This is why cdev_init() must not be called after cdev_alloc(): Even though it will do nothing harmless apparently, it will re-init the kernel object to ktype_cdev_default. That’s easily unnoticed, since the only thing that will happen is that kfree() won’t be called. Causing a very small, barely notable, kernel memory leak. No disaster, but people go to kernel-hell for less.

When and how to free example_device

Now back to the topic of maintaining a reference count on the device’s information (e.g. struct example_device). It should contain this struct kref, which allows keeping a track on when the struct itself should be kept in memory, and when it can be deleted. As mentioned earlier, the kref is automatically initialized with a reference count of 1, and is then incremented every time the open method is called for a related device file, decremented for every release of such, and once again decremented when the device itself is disconnected.

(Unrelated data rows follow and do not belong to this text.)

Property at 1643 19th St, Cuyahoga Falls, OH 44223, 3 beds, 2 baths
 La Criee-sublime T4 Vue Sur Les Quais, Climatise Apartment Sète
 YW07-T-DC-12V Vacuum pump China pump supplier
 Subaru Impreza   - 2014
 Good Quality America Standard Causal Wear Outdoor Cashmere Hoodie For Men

On the face of it, easy peasy: The struct goes away when there are no related open device files, and the device itself is away too. But what if there’s a race condition? What if a file is opened at the same time that the device is disconnected? This requires a mutex.

The practice for using kref is to decrement the struct’s reference count with something like

kref_put(&mydevice->kref, cleanup_dev);

where cleanup_dev is a function that is called if the reference count reached zero, with a pointer to the kdev. The function then uses container_of to find the address of the structure containing the kref, and frees the former. Something like

static void cleanup_dev(struct kref *kref)
{
  struct example_device *dev =
    container_of(kref, struct example_device, kref);

  kfree(dev);
}

The locking mechanism is relatively simple. All it needs to ensure is that the open method doesn’t try to access the example_device struct after it has been freed. But since the open method must do some kind of lookup to find which example_device struct is relevant, by checking if it covers the major/minor of the opened device file, the name of the game is to unlist the example_device before freeing its memory.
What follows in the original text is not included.